I will share my experience in choosing rope and the considerations I have concerning those ropes that I know of. In most cases I will be talking about twisted ropes, not braided because the twisted ones hold knots better due to their less even surface.

Twisted rope:

   

Braided rope:

For most ties over the human body, the optimal rope diameter is 6mm. This diameter allows the rope to compress a larger area of skin compared to the thinner ropes without being too thick to make huge knots that can cause pain and traumas. The most common rope length is 8m for the Caucasian race and for people with similar body size. This length lets the rope end before you’ve had to make 100 wraps and having to pull 100m of rope through a knot, but it’s also not too short. It’s practical to also have shorter ropes – 4m and 2m for tying a separate limb, hair, etc. I will also comment on how applicable a rope is for suspensions. Please, don’t get the impression that suspensions in the air are the only interesting way of doing rope bondage. It may be spectacular to behold and to be a demonstration of high level of skills, but you can have a lot more diversity and excitement for longer by doing ground work or semi-suspensions because your partner will endure the bondage for much longer. In my comments about rope maintenance I don’t mention what applies for all ropes – sharp objects can become stuck in the rope (such as paper clips) and it’s a good idea to examine your ropes and remove any objects that may hurt your partner.

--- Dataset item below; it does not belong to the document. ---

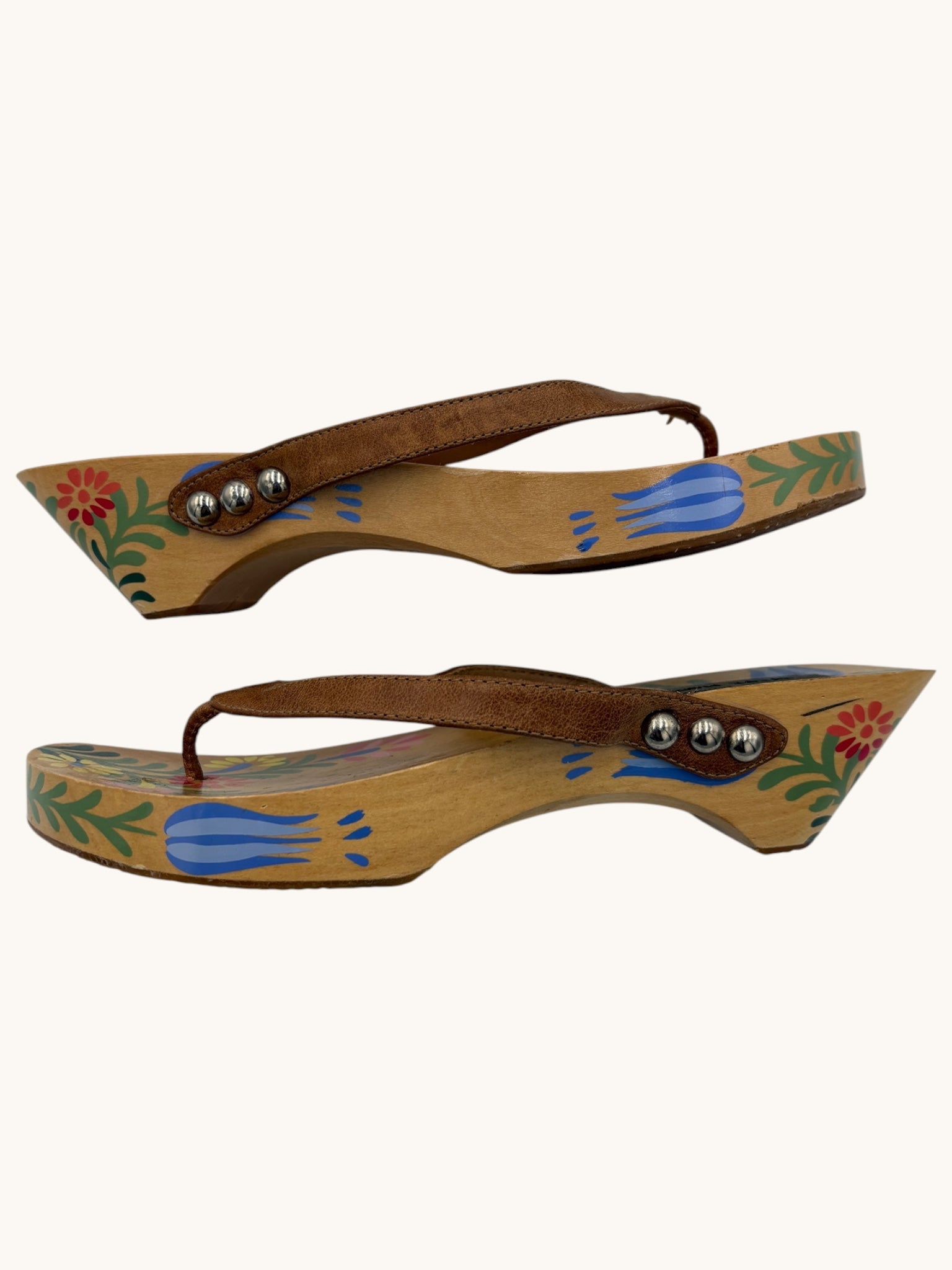 00s Steve Madden Beige Floral Wedge Sandals - 5.5 W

1. Manila – natural material. You can find it in the hardware stores under the misleading name “hemp”. This is NOT hemp. Don’t buy this rope because it’s been impregnated with oils and allergenic chemicals. I’ve experienced skin rashes from it. It smells bad and it’s not a particularly strong rope. It’s stronger than cotton but weaker than jute.

 

2.Cotton – soft and gentle to the skin. Slightly stretchy. That makes it suitable for rope bottoms who are new to bondage because it’s the least scary. It has low level of friction and it’s not easy to cause skin burn or to remove skin when pulled over it under tension. It holds knots well. It’s drawback is that it’s not very strong due to the short strands and it’s not suitable for suspensions. It’s strong enough for ground work. Another drawback is that it’s very softly twisted and it’s very easy for one strand to go over the others and thus reducing the rope’s strength and aesthetics. It doesn’t require any maintenance, except washing. In the past cotton ropes have been used very often by the Japanese shibari performers (bakushi). An excellent alternative to cotton is polyester.

 

3.Polyester – synthetic matter that very closely resembles cotton. It’s soft and gentle to the skin. It’s very slightly stretchy. That makes it suitable for new rope bottoms. It’s very strong (nearly 280-300kg static pull on 6mm rope) and is suitable for suspensions. It holds knots very well. It’s friction is lower than cotton and the risk of rope burns is even lower. The polyester I use is a bit tighter twisted than cotton and it doesn’t lose its shape that easily. It doesn’t require any maintenance, except washing, but at a low temperature (40*C is fine)

 

4. Jute – natural rope. It’s a relatively strong rope and it can be loaded with suspensions. It’s not stretchy. It’s strengths are that it has more “character” or “personality” than cotton and polyester because it often has a specific smell. Also after oiling (for example with jojoba oil) it squeaks in your hands. That stimulates your rope bottom’s hearing. After correct preparation (breaking it in by drawing it through a carabineer, singeing over gas flame and oiling) the rope slides with great ease through your hands and allows you to tie very fast without burning your hands from the friction. It holds knots relatively well but notably worse than cotton or polyester – it slips over itself in some situations. It requires maintenance like I mentioned before. When wet it shrinks and swells. To bring it back to its original shape, you must stretch and twist it while it dries. The shrinking and swelling is a problem if you want to make your partner wet because the knots will swell too and you may find yourself unable neither to untie them, nor to cut the rope with EMT scissors which could be a very unpleasant situation.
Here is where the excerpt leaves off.